WHAT THE TASK ASKS:
Skip the pictures, please, and write out exactly every line from the one containing "neil ogilvie tweet media" through the end of the listing below.

GIVEN DATA:
[Start of Attachment]

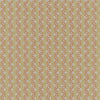 Rocio # 531 Autumn by Maxwell Designer Fabric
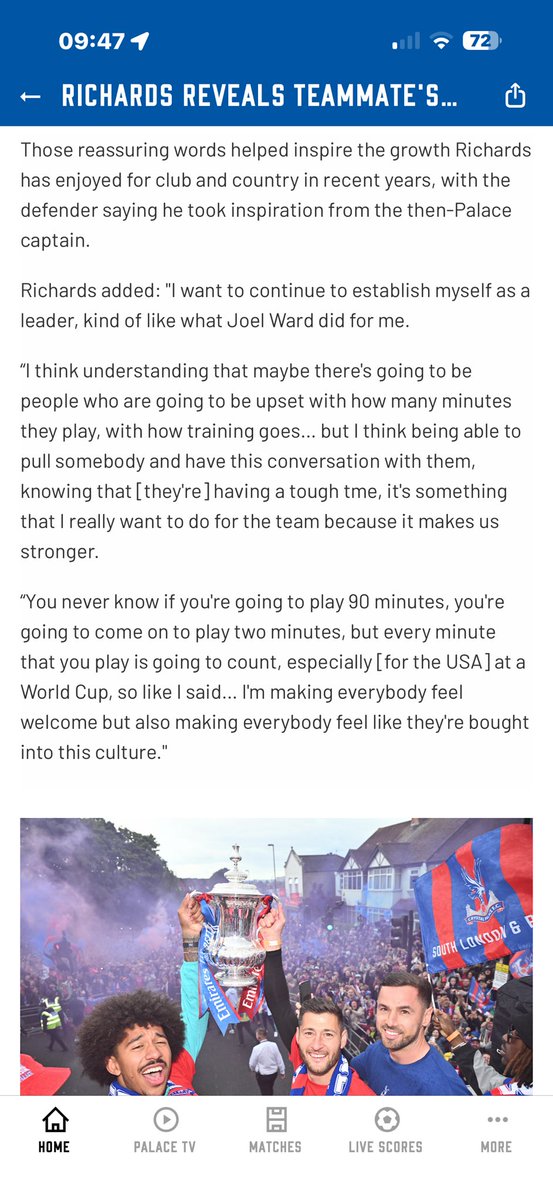 neil ogilvie tweet media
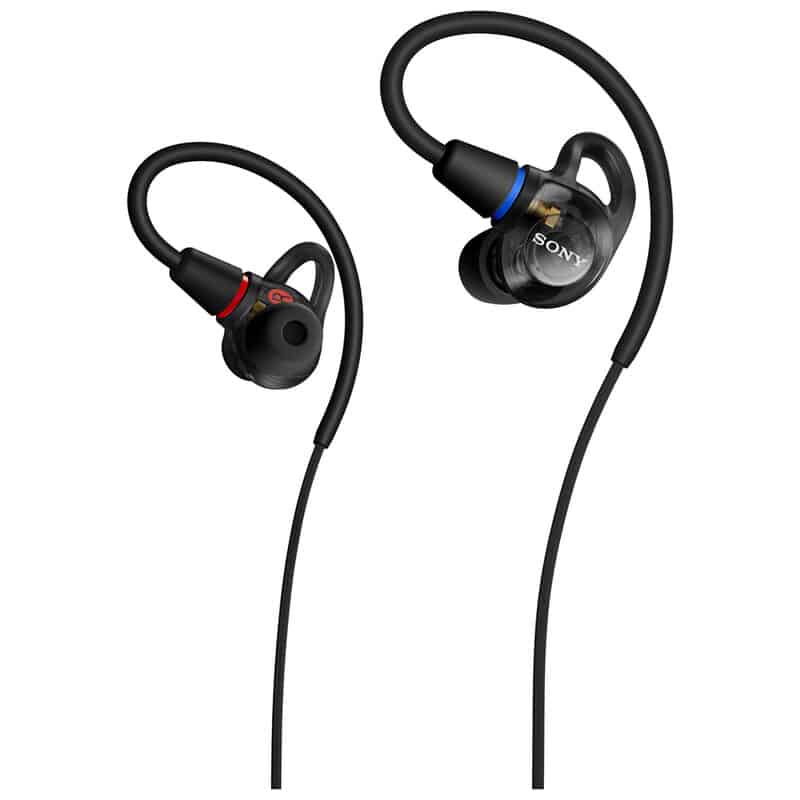 IER-M500 BZ(2026年8月28日発売予定)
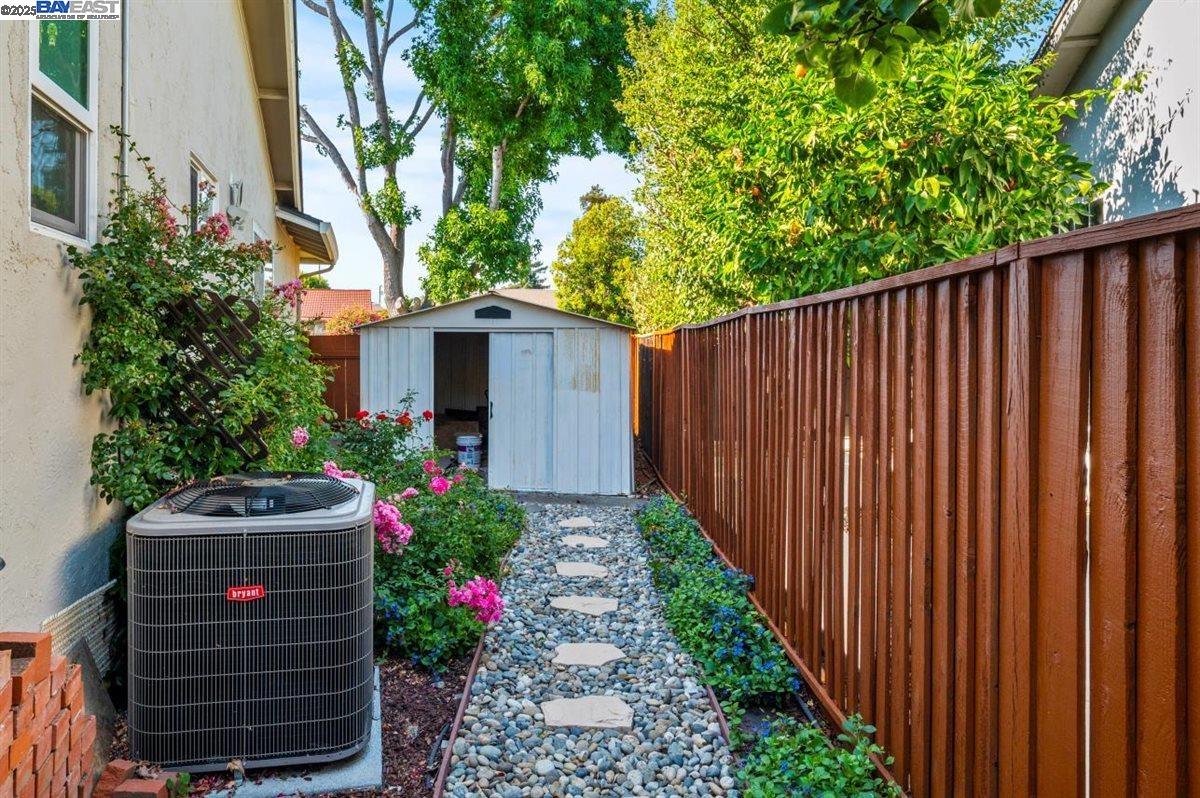 Detail Gallery Image 29 of 29 For 1965 Camargo Dr, San Jose,  CA 95132 - 4 Beds | 2 Baths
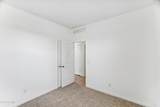 4306 Allen Street - Photo 17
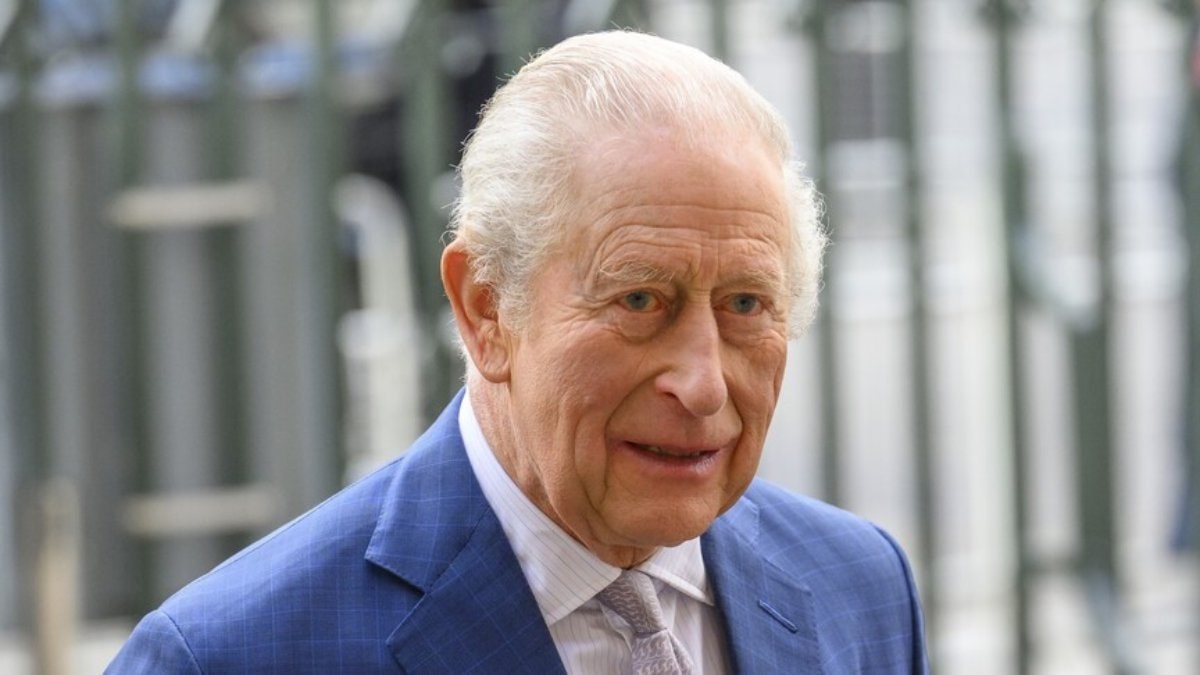 İngiltere'de radyo skandalı: Kral Charles'ın ölüm haberi yayınlandı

[End of Attachment]

EXPECTED ANSWER:
 neil ogilvie tweet media
 IER-M500 BZ(2026年8月28日発売予定)
 Detail Gallery Image 29 of 29 For 1965 Camargo Dr, San Jose,  CA 95132 - 4 Beds | 2 Baths
 4306 Allen Street - Photo 17
 İngiltere'de radyo skandalı: Kral Charles'ın ölüm haberi yayınlandı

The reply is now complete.